Sano nodded, as unable to discount these ideas as prove them. “But there’s still the sleeve to consider. I can’t help thinking it’s an important clue. I also have a hunch that sex, not necessarily politics, was involved in the murder.”

Dr. Ito walked with his slow, stiff gait around the table, scrutinizing Makino’s corpse. He suddenly halted and said, “You may be right.”

“What do you see?” Sano said.

“A different sort of injury. Mura-san, please spread the buttocks.”

The eta pried them apart with his fingers. The crack between the cheeks stretched open. Raw, abraded flesh circled Makino’s anus and extended into the orifice.

“When I was a physician, I saw this symptom in men who had been penetrated by other men during sex,” Dr. Ito said. “It’s most common in boys and young men.” Good looks, and relatively low status, made them fair game for older, wealthier, more powerful men who practiced manly love. “However, it does occur in older males.”

Accepted custom for manly love dictated that an elder partner should always penetrate a younger one. Ideally, the one penetrated should also be of inferior social status. When a man reached age nineteen, he should assume the role of the elder and never again experience penetration himself. But some men so enjoyed penetration that they continued receiving it as long as they lived. This was the case with the previous shogun, often criticized for his unseemly violation of custom.

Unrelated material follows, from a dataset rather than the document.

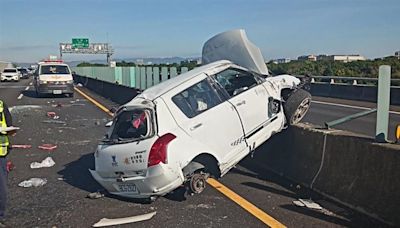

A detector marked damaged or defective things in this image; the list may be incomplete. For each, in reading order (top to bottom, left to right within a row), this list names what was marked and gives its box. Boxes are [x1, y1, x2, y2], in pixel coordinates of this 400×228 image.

crumpled hood [202, 29, 270, 75]
broken windshield [108, 109, 152, 142]
severely damaged white car [89, 29, 310, 200]
detached wheel [282, 88, 310, 124]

“But Makino’s preference for women was well-known,” Sano said. “Besides, he would never have abased himself to anyone.”

“Men have been known to hide practices that would compromise their reputations,” Dr. Ito said. “However, there is an alternative explanation.”

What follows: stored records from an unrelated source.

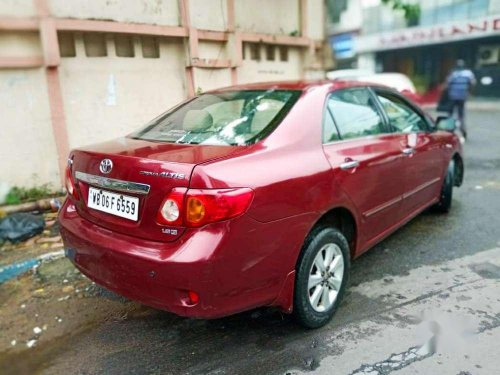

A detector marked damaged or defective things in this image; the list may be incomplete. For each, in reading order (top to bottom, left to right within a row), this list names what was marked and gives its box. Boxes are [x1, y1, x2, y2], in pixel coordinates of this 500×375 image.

cracked pavement [0, 109, 500, 375]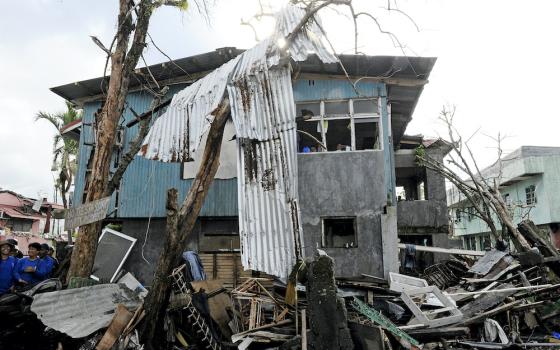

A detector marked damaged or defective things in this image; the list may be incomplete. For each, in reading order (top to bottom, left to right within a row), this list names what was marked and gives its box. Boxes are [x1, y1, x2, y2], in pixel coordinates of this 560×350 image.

torn metal roofing [139, 4, 336, 276]
rusted metal sheet [138, 3, 340, 276]
damaged house [52, 13, 446, 284]
broken window [294, 98, 380, 153]
broken window [322, 217, 356, 247]
torn metal roofing [30, 284, 141, 340]
rusted metal sheet [30, 284, 142, 340]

“Makino was forced to submit?”

“Yes-by an attacker who overpowered and penetrated him.”

Shaking his head, Sano blew out his breath. “This case gets stranger with each new clue. The sleeve suggests that a woman killed Makino in the bedchamber. But the disorder and the blood in his study say he was beaten to death there. And the broken window latch suggests that an assassin entered his estate and killed him. Sometime during whatever happened, he was penetrated by a lover, or an attacker. The motive was sexual, or political.” Sano counted off possibilities on his fingers, then upturned his empty palm.

“But the evidence is misleading, or perhaps false. Maybe the vital clues were destroyed by whoever tried to make Makino’s death look natural in spite of all the signs to the contrary. Maybe none of those stories is true.”

“Or maybe each contains part of the truth,” Dr. Ito said.

Sano nodded, his mind sorting and recombining the evidence into ever more baffling patterns. “Can you look for other clues on Makino that might resolve the contradictions?”

But although Dr. Ito spent the next hour poring over the corpse with a magnifying glass, he found nothing more. “I am sorry I couldn’t be of more help,” he said. “What will you do now?”

“I’ll continue investigating.” Sano had a disturbing sense that he’d embarked on a journey to an unknown destination, from which there would be no return.

He liked a challenge, and his desire for the truth had strengthened with the first intimation of foul play against Makino. Yet now that he was sure Makino had been murdered, the matter involved more than a favor to a dead man or a personal quest for justice. For the next step in his journey, he must carry his investigation into the public realm, an arena fraught with hazards.

4

In the private chambers of Sano’s estate, Reiko and her friend Midori, the wife of Sano’s chief retainer Hirata, sat with their children at the kotatsu in the nursery. Coals burned inside the square wooden frame of the kotatsu. Its flat top formed a table, over which was spread a quilt that contained the heat from the coals, covered everyone’s legs, and kept them warm. Lanterns brightened the gloom of the day. Maids placed a meal of soup, rice, roasted fish, and pickled vegetables on the table. While Reiko’s son Masahiro hungrily gobbled food, Taeko, five months old, nursed at Midori’s breast.

Reiko watched the cozy scene as if from a distance. Ever since she’d arrived home from the island where the Dragon King had held her, Midori, the shogun’s mother, and Chamberlain Yanagisawa’s wife captive, she’d inhabited a dimension separate from everyone else. What had happened during the abduction, and on that island, enclosed her in private shadow that nothing could dispel.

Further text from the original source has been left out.